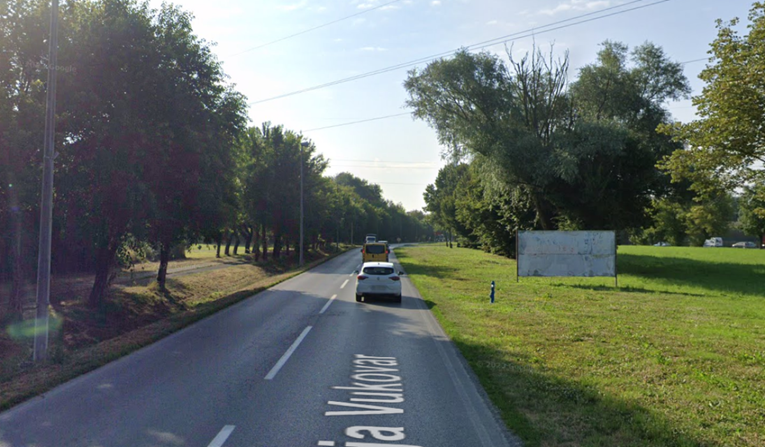 Dvoje mrtvih u prometnoj u Kutini. Imali su 23 i 27 godina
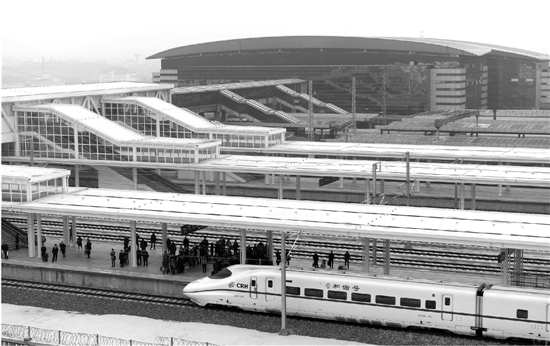 高铁开通首日 金华高铁站发送旅客5662人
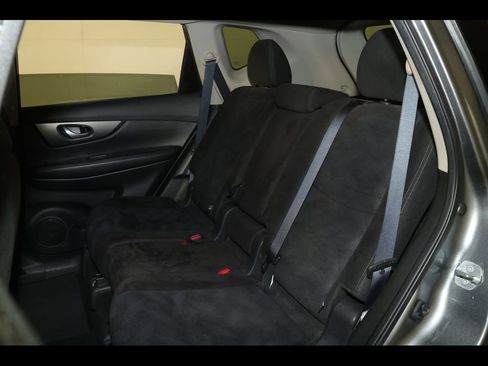 Used 2015 Nissan Rogue SV w/ SV Premium Package image 14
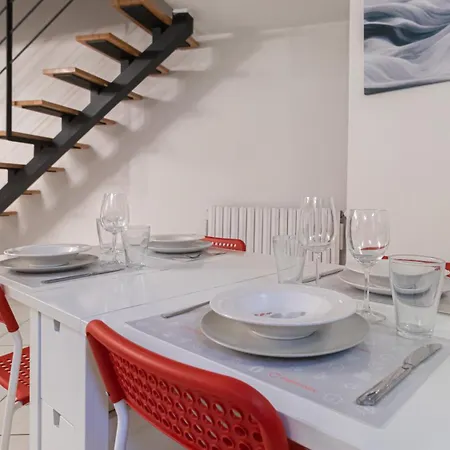 Italianway - Isonzo 24 * Milan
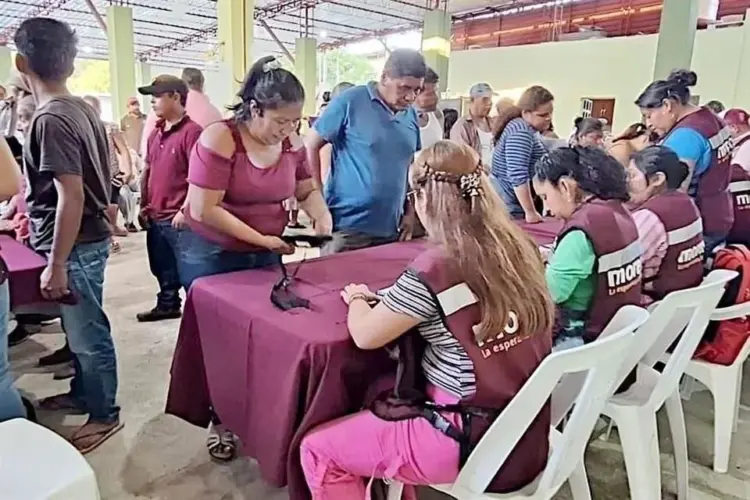 Morena acumula multas por 70.4 mdp por afiliaciones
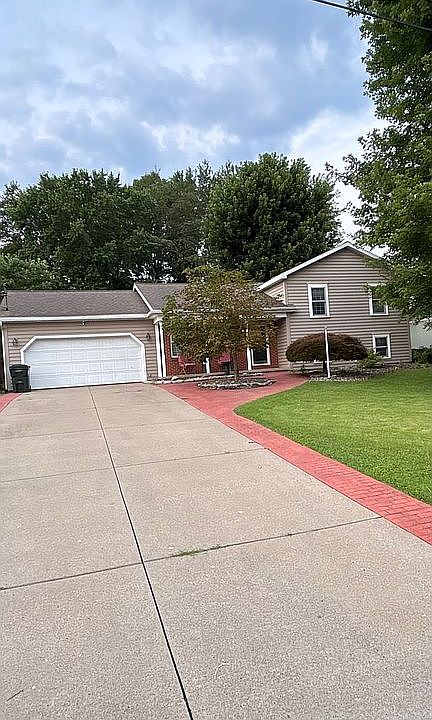 1st image of 24 Maple Shade Dr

════════════════════

What is required: Repeat nothing but the lines from the one containing "Italianway - Isonzo 24 * Milan" through the end of the entries, exactly, and skip the pictures.

Task solution:
 Italianway - Isonzo 24 * Milan
 Morena acumula multas por 70.4 mdp por afiliaciones
 1st image of 24 Maple Shade Dr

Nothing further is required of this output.